Your instructions: Sift the material for lines containing "Thanks", and return them.

Exercise materials:
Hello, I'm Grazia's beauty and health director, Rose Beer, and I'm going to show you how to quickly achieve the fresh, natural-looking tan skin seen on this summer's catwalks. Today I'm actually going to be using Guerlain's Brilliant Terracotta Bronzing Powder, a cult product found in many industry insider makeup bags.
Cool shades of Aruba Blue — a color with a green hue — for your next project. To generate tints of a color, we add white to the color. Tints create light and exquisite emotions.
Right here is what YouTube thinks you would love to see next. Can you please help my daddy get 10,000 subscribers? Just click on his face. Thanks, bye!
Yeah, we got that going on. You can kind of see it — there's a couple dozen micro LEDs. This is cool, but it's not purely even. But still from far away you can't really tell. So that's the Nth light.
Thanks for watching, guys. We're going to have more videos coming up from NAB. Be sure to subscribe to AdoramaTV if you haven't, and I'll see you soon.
* * *
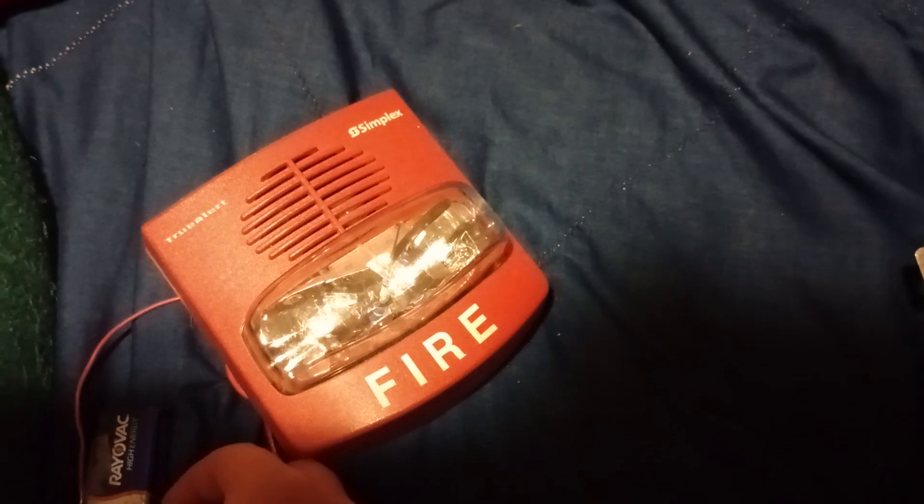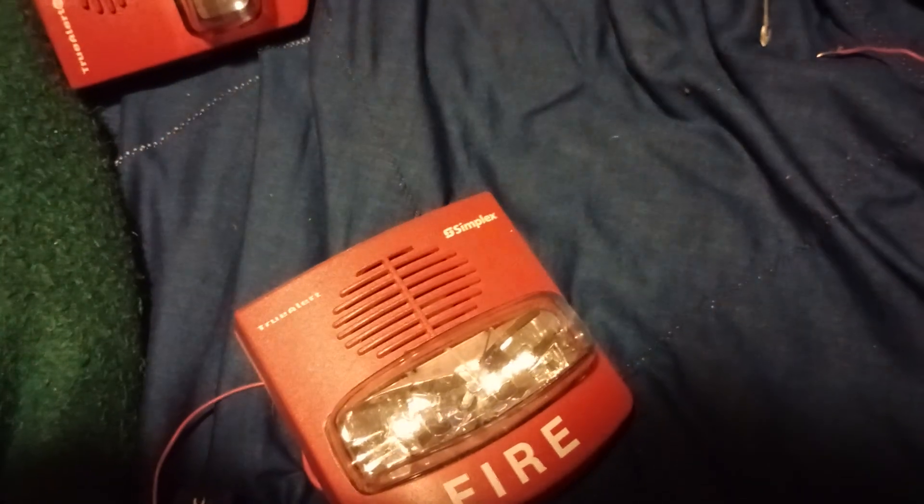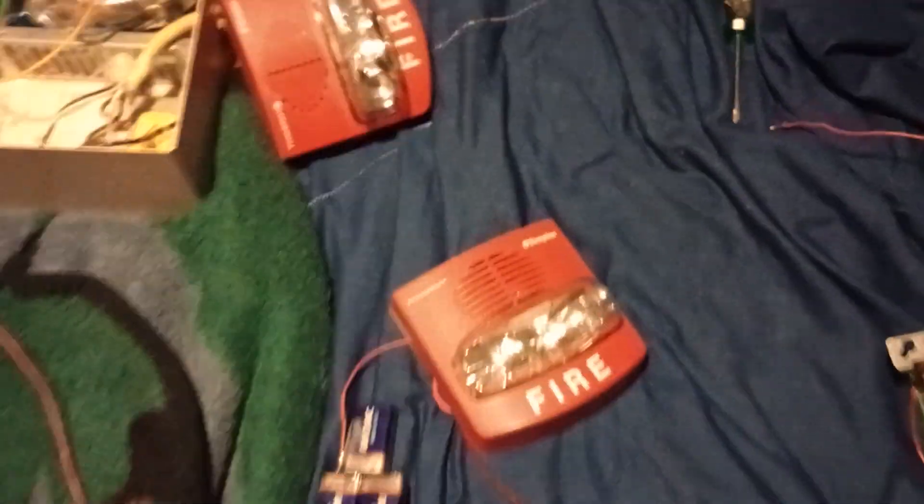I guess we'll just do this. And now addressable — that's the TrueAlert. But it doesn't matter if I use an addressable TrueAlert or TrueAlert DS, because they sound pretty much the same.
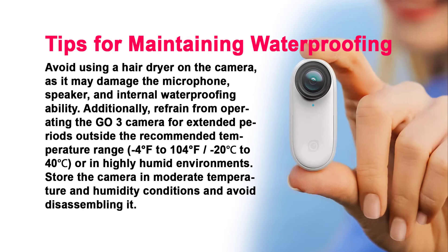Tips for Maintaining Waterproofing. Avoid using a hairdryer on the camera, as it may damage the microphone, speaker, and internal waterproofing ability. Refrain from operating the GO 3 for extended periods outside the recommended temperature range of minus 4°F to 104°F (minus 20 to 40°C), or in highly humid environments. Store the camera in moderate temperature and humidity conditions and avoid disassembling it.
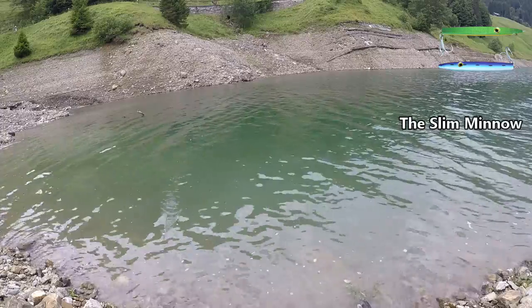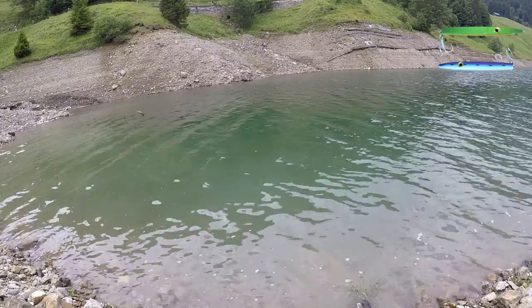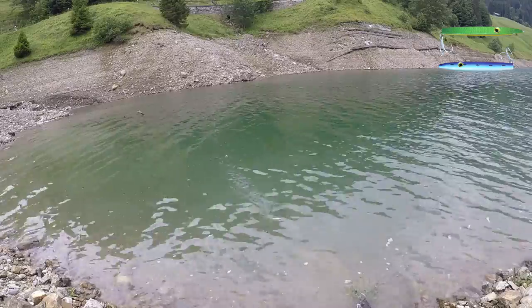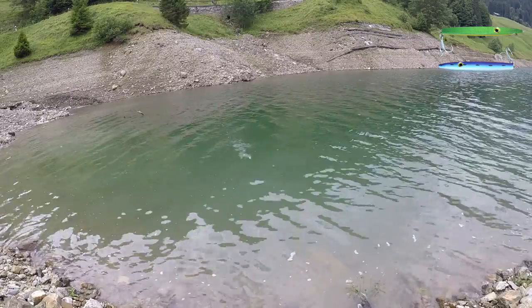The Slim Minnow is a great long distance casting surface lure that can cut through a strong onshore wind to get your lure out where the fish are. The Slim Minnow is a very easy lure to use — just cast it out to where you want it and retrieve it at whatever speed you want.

Solution:
Right here is what YouTube thinks you would love to see next. Can you please help my daddy get 10,000 subscribers? Just click on his face. Thanks, bye!
Thanks for watching, guys. We're going to have more videos coming up from NAB. Be sure to subscribe to AdoramaTV if you haven't, and I'll see you soon.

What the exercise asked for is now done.